I am always surprised at how little football fans seem to know about the rules of this sport. Every time there’s a contentious incident we have to explain the latest guidelines on interpreting the rules, whether it’s ‘ball to hand’ or whether someone who is offside is interfering with play. Juventus, however, have no excuse and should be ashamed of themselves for their reaction to the Genoa draw.
Andreas Granqvist completely messed up his clearance and accidentally kicked the ball on to his own arm. His arm was raised, but only in the way it would be when sliding in to make a last-ditch interception. He did not move his arm towards the ball, which ricocheted up from point-blank range off his leg.
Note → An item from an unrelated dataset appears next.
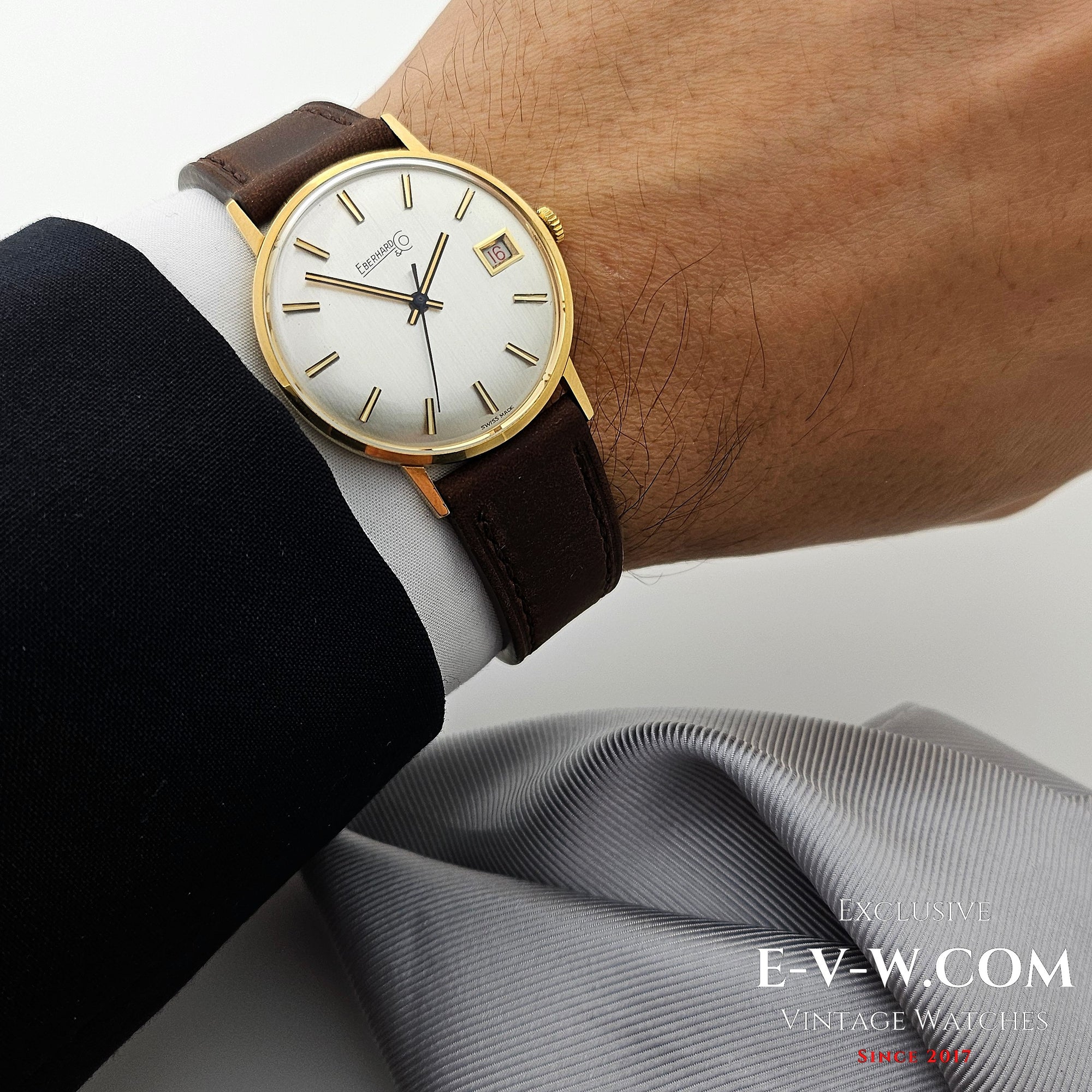 Eberhard &amp; Co. Armbanduhr aus 18-karätigem Gold aus den 1960er Jahren | Seltene Roulette-Datumsanzeige | Kal. 236-129 |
It was the very definition of an involuntary gesture. As such, it is not a penalty.
I refer you to the rules set out by FIFA.
“Handling the ball involves a deliberate act of a player making contact with the ball with his hand or arm. The referee must take the following into consideration:
- The movement of the hand towards the ball (not the ball towards the hand)
- The distance between the opponent and the ball (unexpected ball)
- The position of the hand does not necessarily mean that there is an infringement”
What’s more, pre-season the referees in Italy have a get-together to go over the latest guidelines on interpreting the rules. This included handling offences, advising that if the ball ricocheted off a part of the body and on to the arm, it could not be considered deliberate. These guidelines were then taken around the various Serie A and B clubs so that they could be explained with video examples. Juventus and Conte will therefore know that these are the rules. Their hysterical reaction to that incident is completely disproportionate.
General manager Beppe Marotta then made the situation 100 times worse by suggesting referee Marco Guida didn’t give the penalty “because he is from Naples.” It’s on a par with Catania President Antonino Pulvirenti claiming the linesman had a Juventus symbol on his Facebook page after the Elefantini were denied a goal. Remember that? Recall how much the Bianconeri fans bleated that it was a pathetic approach to an honest mistake? Well, you’ve just fallen below that level. Congratulations.
The worst part of all this is, Juventus do have reason to complain. Mirko Vucinic was blatantly pulled back by his shirt in the penalty area when trying to get on the end of a cross. That should’ve been a penalty. Focusing obsessively on an incident that was open to interpretation is just making them look ridiculous and distracting from a genuine error.
Conte claimed Guida told him he “didn’t feel ready” to award the penalty deep into stoppages. This phrase is also open to interpretation. He didn’t feel ready because he wasn’t sure. He was not sure because there was a clear ricochet off the leg and the handball was not deliberate. Similarly, the assistants are there to advise the referee, but he ultimately has the final word. Why must Italians always leap to a conspiracy theory when logical explanations are right there? Juventus of all people ought to know the dangers of that game.